In this exercise, retype exactly and only the lines from the top of the entries below through the line that holds "We can access", omitting pictures.

* * * * * * * * *

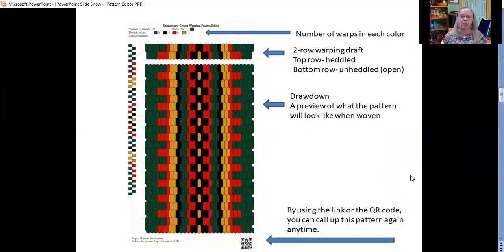At the bottom, there is a QR code and a link. Either one of those will get you back to that same pattern on the website so you can use it again, maybe edit it.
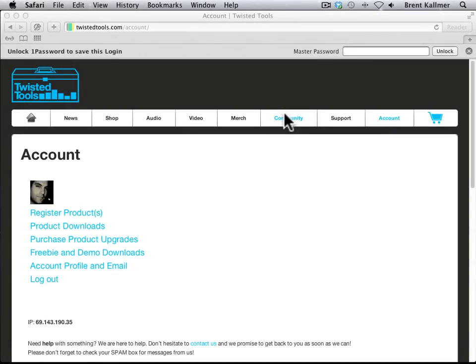Hey guys, what's up? Brent Kalmer from Blue Water VST. Those of you in the Reactor community are undoubtedly familiar with Twisted Tools and their awesome ensembles for Reactor.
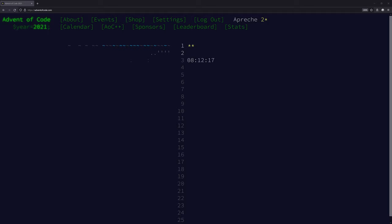Welcome to Advent of Code 2021, day number two. If you don't know what's going on here, read the description. We're getting right into this. Let's go.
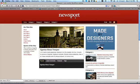Hey, what's up? This is Phil from ThemeCouponCodes.com, and we're checking out the Newsport theme from WooThemes.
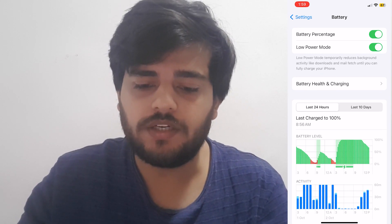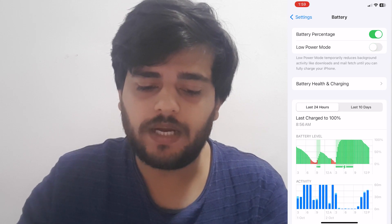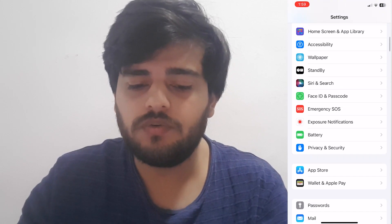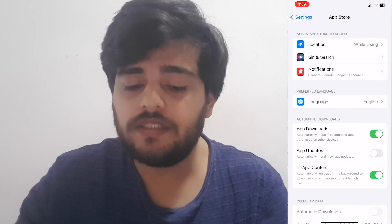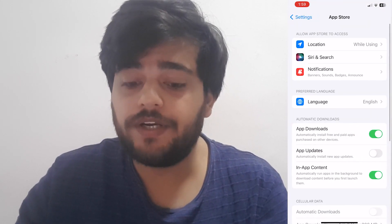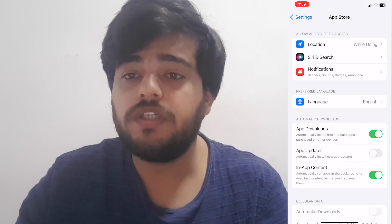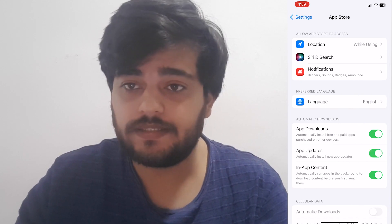Go to App Store and turn App Updates on for 30 seconds, then turn it off and come back.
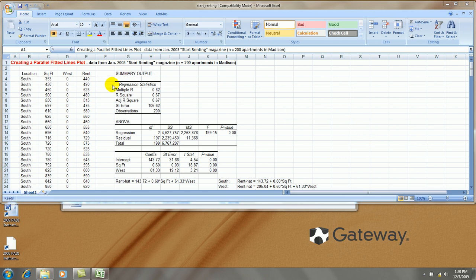In the first video we created this parallel lines regression output. The data again represents data from Madison, Wisconsin.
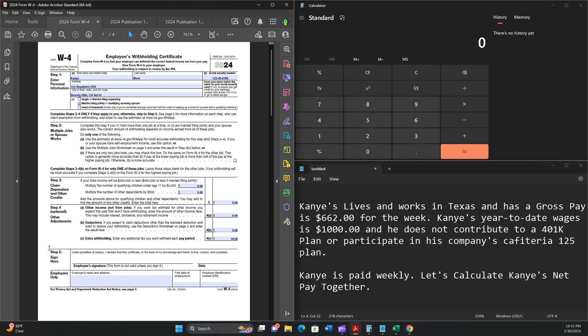What we can see here is on his Form W-4. We'll take a brief look at this. Step 2 is unchecked. Step 3, the total amount here is 0. Step 4a and 4b is 0. Step 4c is $10. We'll come back to this once we need it.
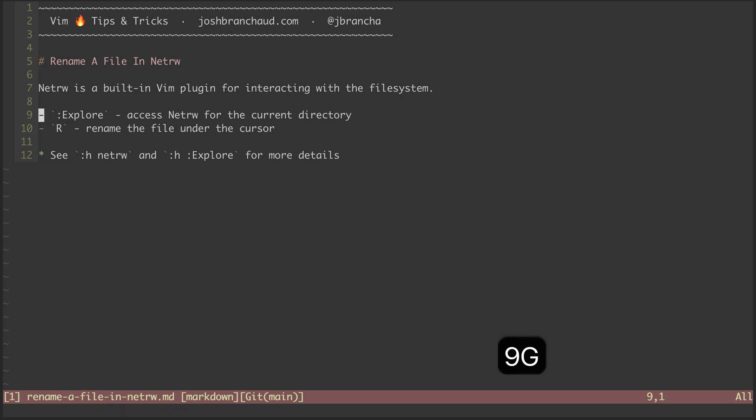We can access a directory view of our files with the explore command, which will open up NetRW. And from there, we can perform the rename action. But before we do that, we'll need a file to rename.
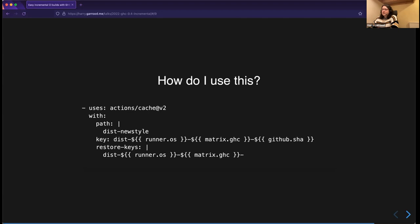The last element of the GitHub Actions config is the `restore-keys` key. This allows restoring a cache if its key is a prefix of the full key — meaning the OS and GHC version must match, but the GitHub SHA doesn't have to. As long as you have a relatively standard Cabal project setup, that should be all you need. Most CI services have some kind of caching mechanism built in, so this approach should be broadly applicable.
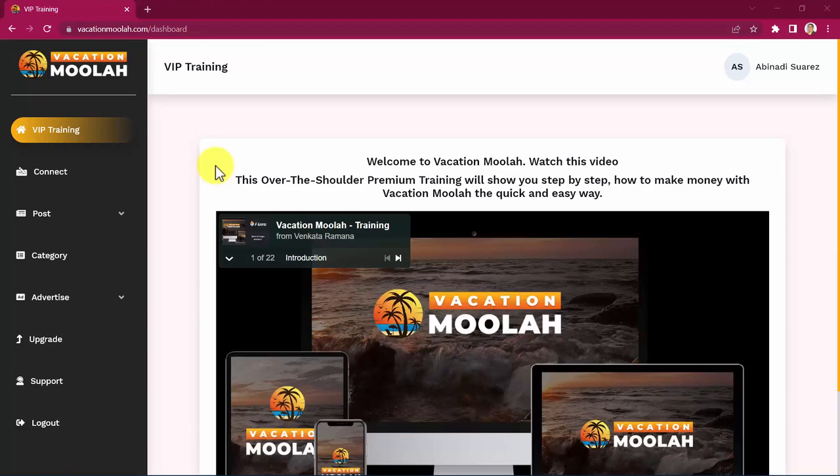Hey, please watch this short video and you will get the answers you are seeking. Welcome to Vacation Moolah, a set and forget system which pays up to $370.80 recurring every time someone decides to go for a free vacation.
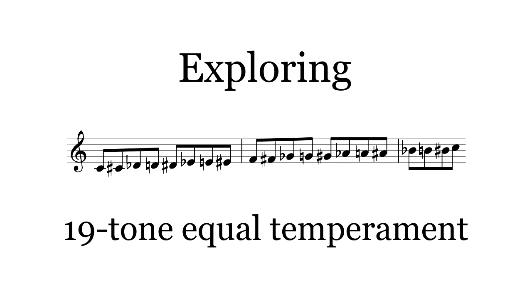Of course, most scales are not symmetrical. However, they still have plenty of structure under the surface. Next time, I'll look deeper into those structures and how the tuning system affects them.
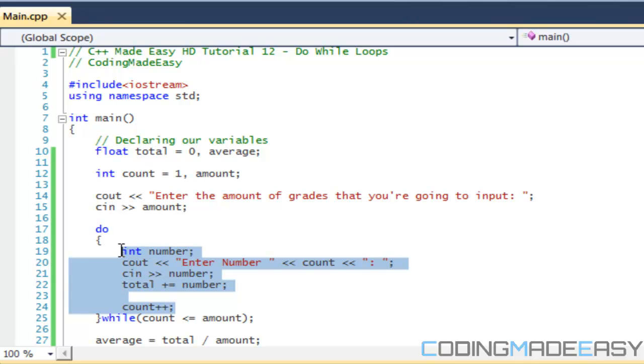But to let you know, do-while loops are the least common of the three loops and you probably won't even see it much. But yeah, that is it for this tutorial.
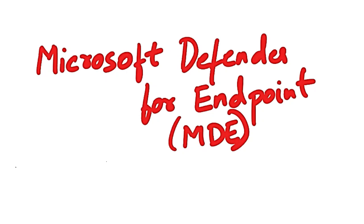Hey guys, welcome to the series on Microsoft Defender for Endpoint. This is part two of MDE.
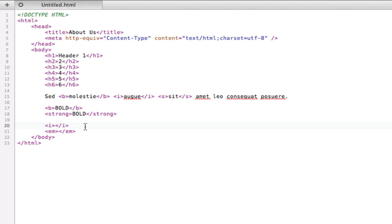So this is all you need to know really for formatting elements in HTML. Anything else that you want to do, any other visual effects that you want to achieve really should be left for CSS. And don't worry, we will be getting into CSS as soon as we finish the HTML part of this series.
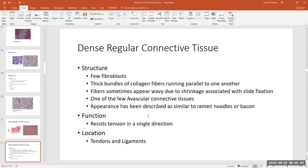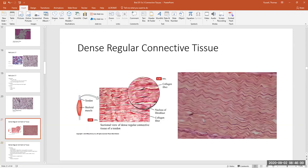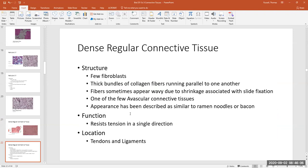There are a few fibroblasts in there that produce the fibers. Thick bundles of collagen fibers run at regular patterns with a wavy appearance, typically due to shrinkage during slide preparation. This particular tissue is one of only two types of connective tissues in the body that is avascular — there are no blood vessels running through it.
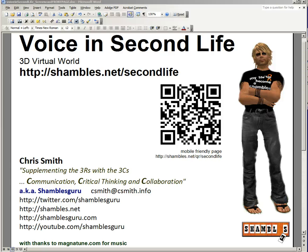Hi, this is Chris Smith, Shambles Guru, late at night again because of these drattable time zones. I thought I'd do a quick look at some of the issues related to voice in Second Life, because so much now is done with voice rather than just text.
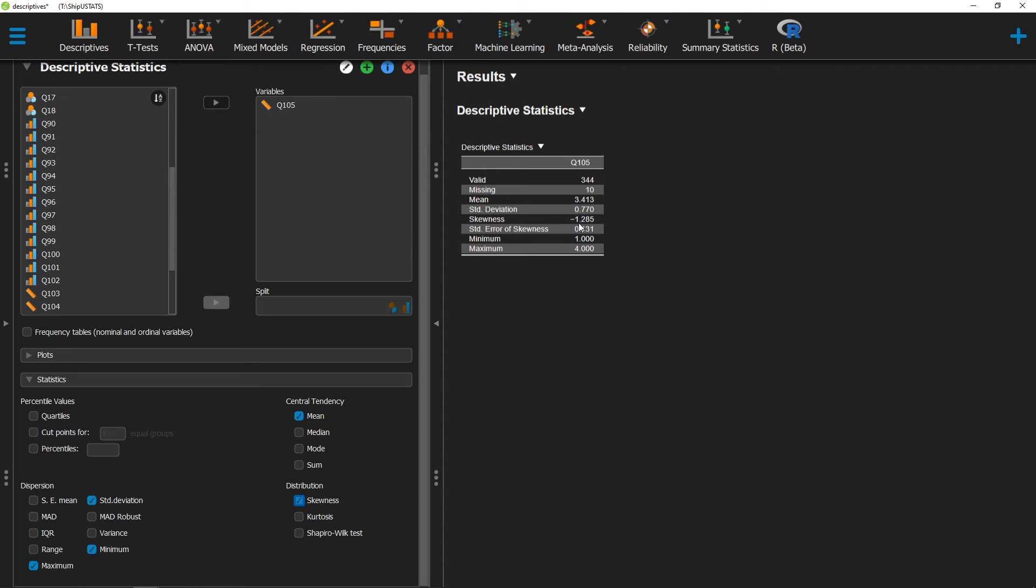As for the magnitude, there are several different conventions out there in the literature. Some say as strong as positive or negative 1 is skewed, others say positive and negative 1.5, and others say positive and negative 2. I've provided some citations for each of these in the description.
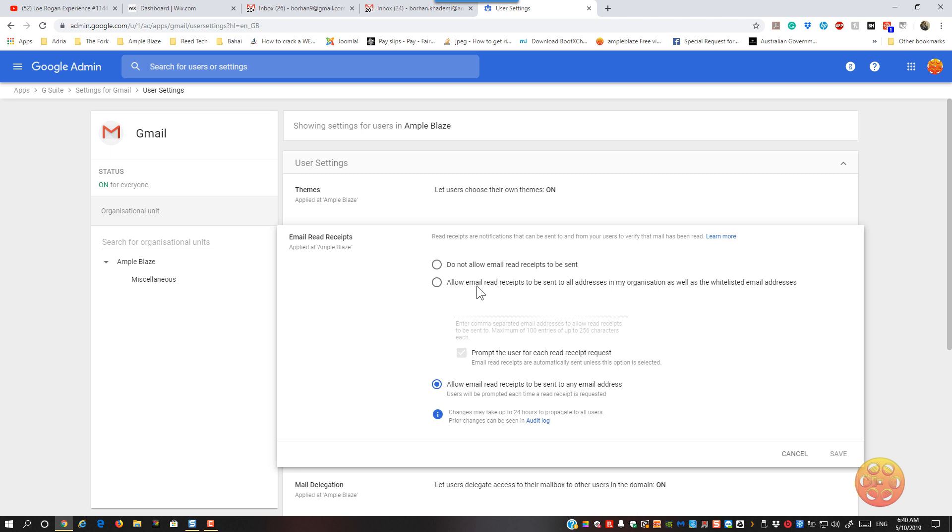Or allow read receipts to be sent to all addresses in my organization, as well as whitelisted addresses. So this is more specific to leave read receipts within your organization only, and other email addresses that you approve. Whereas the last option is just for everything, whether it's external or internal email addresses.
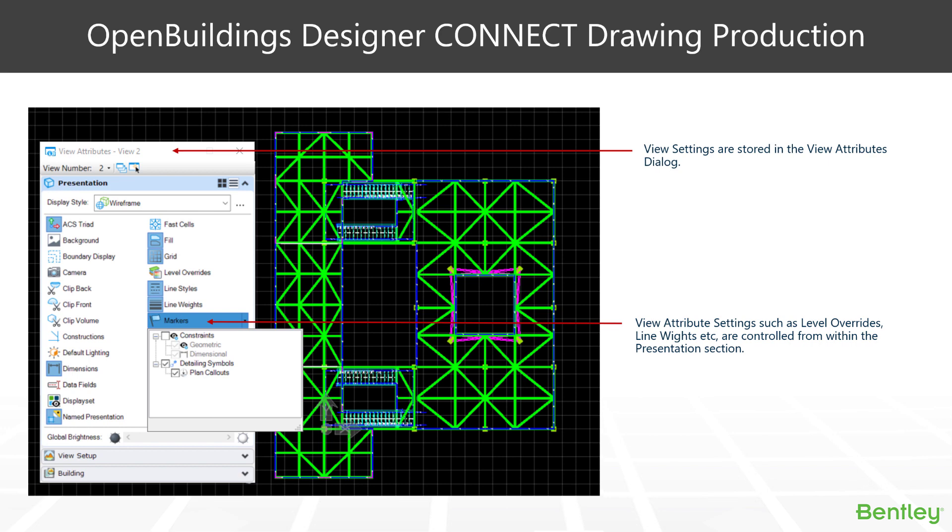One of the key aspects of working with views for our drawing production is the View Attributes dialog box. The View Attributes dialog box contains many of the settings we need in order to alter and adjust our drawings.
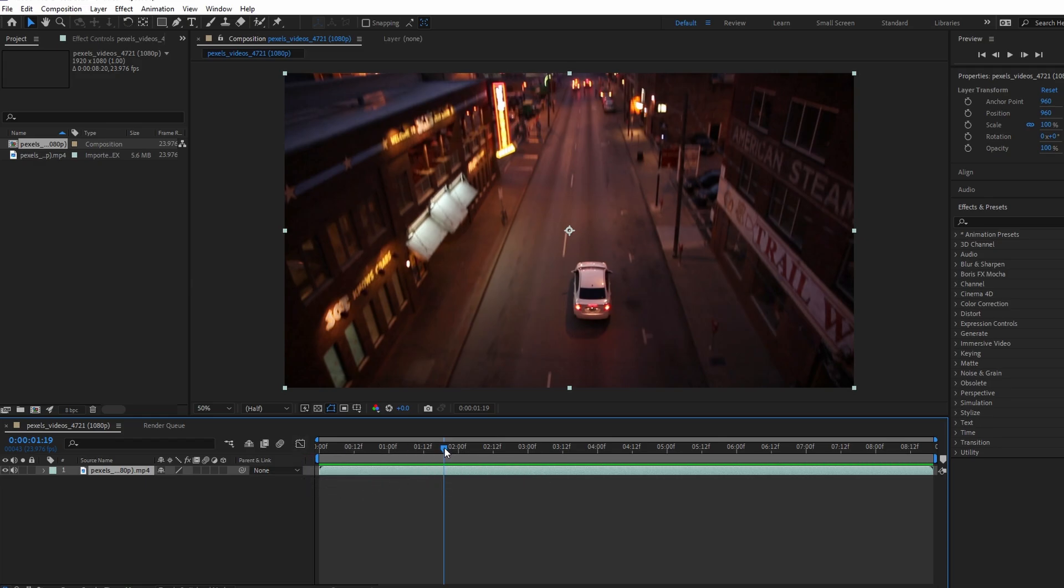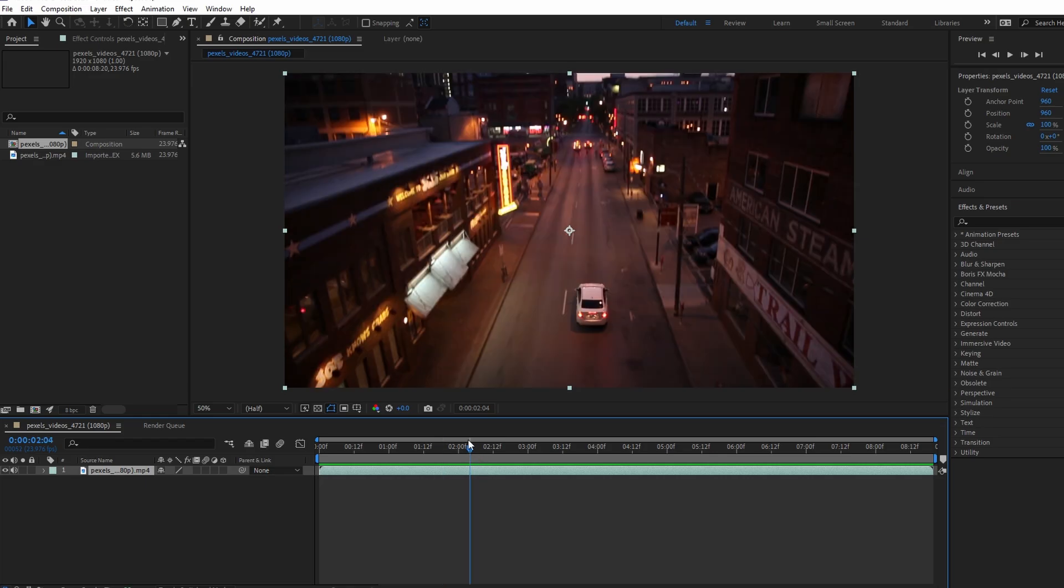In the timeline, select the video layer that you want to freeze. Place the playhead at the frame where you want to freeze frame to begin.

* * * * * * * * *

• _COMPLETED EXERCISE_
At the bottom, there is a QR code and a link. Either one of those will get you back to that same pattern on the website so you can use it again, maybe edit it.
Hey guys, what's up? Brent Kalmer from Blue Water VST. Those of you in the Reactor community are undoubtedly familiar with Twisted Tools and their awesome ensembles for Reactor.
Welcome to Advent of Code 2021, day number two. If you don't know what's going on here, read the description. We're getting right into this. Let's go.
Hey, what's up? This is Phil from ThemeCouponCodes.com, and we're checking out the Newsport theme from WooThemes.
Go to App Store and turn App Updates on for 30 seconds, then turn it off and come back.
In the first video we created this parallel lines regression output. The data again represents data from Madison, Wisconsin.
What we can see here is on his Form W-4. We'll take a brief look at this. Step 2 is unchecked. Step 3, the total amount here is 0. Step 4a and 4b is 0. Step 4c is $10. We'll come back to this once we need it.
We can access a directory view of our files with the explore command, which will open up NetRW. And from there, we can perform the rename action. But before we do that, we'll need a file to rename.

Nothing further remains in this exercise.